D’une certaine façon, C. Hitchens m’a personnellement mis à l’épreuve et confronté avec C. Browning. Je constate que mon étude sur le témoignage de R. Höss a bien surmonté l’épreuve. Je m’en réjouis mais non sans un regret: celui de n’avoir pas eu en face de moi un homme capable d’affirmer que ce sont les révisionnistes qui « utilisent tout le temps » le cas de Höss. Il me semble que je lui aurais demandé compte d’une telle affirmation qui me paraît constituer l’un des plus hardis mensonges de ces dernières années. Je lui aurais aussi demandé pourquoi, à son avis, R. Höss avait «toujours été un témoin très faible et confus» devant ses interrogateurs britanniques, devant ses interrogateurs américains, devant le tribunal de Nuremberg, devant ses interrogateurs polonais et devant le tribunal de Cracovie.
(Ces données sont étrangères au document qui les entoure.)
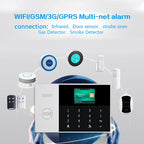 PG-105-GSM GSM/GPRS + WiFi Intelligent Alarm System with Touch Keypad & LCD Screen & RFID Function, EU Version, PG-105-GSM(EU Version)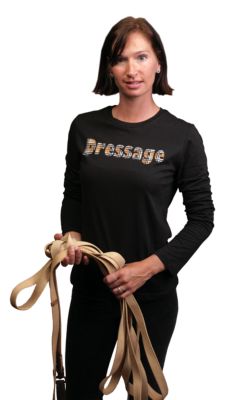 Stirrups Ladies Dressage Tartan Long Sleeve Tee Shirt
Mais oublions ces considérations et saluons ici l’une des plus importantes avancées de la science historique : le témoignage de R. Höss est enfin déclaré sans valeur; du même coup s’effondre la «preuve» la plus accablante dont on se soit jamais servi pour accuser l’Allemagne vaincue du plus horrible des crimes.

Pour reprendre l’expression de C. Hitchens, on en éprouve «une sensation de vertige, s’il en fut ».
3 mars 1994

Notes

[1] « [Cette déposition] semble avoir été un résumé de choses que [Höss] a dites ou qu’il a peut-être dites ou qu’il a peut-être pensé qu’il avait dites, un résumé que quelqu’un lui a fourré sous le nez et qu’il a signé, ce qui est fâcheux. », Queen vs. Zündel, p. 1230.
[2] « Höss, tout en étant présent, n’avait rien vu. », J.-C. Pressac, Auschwitz: Technique and Operation of the Gas Chambers, New York, The Beate Klarsfeld Foundation, p. 128.
[3] J.-C. Pressac, Les Crématoires d’Auschwitz. La Machinerie du meurtre de masse, Paris, CNRS éditions, 1993, p. 102-103.
[4] Encore tout récemment, un certain Richard Malher, de Vancouver (Canada), croyait trouver une parade décisive contre l'argumentation révisionniste en m’opposant le témoignage de R. Höss (« Even Holocaust criminals refute prof’s numbers », North Shore News, 19 décembre 1993, p. 8).
[5] R. Faurisson, «Comment les Britanniques ont obtenu les aveux de Rudolf Höss, commandant d'Auschwitz», reproduit dans le volume II des Ecrits révisionnistes (1974-1998) à la page 657.
[6] C. Hitchens, « Whose history is it ? », Vanity Fair, décembre 1993, p. 117.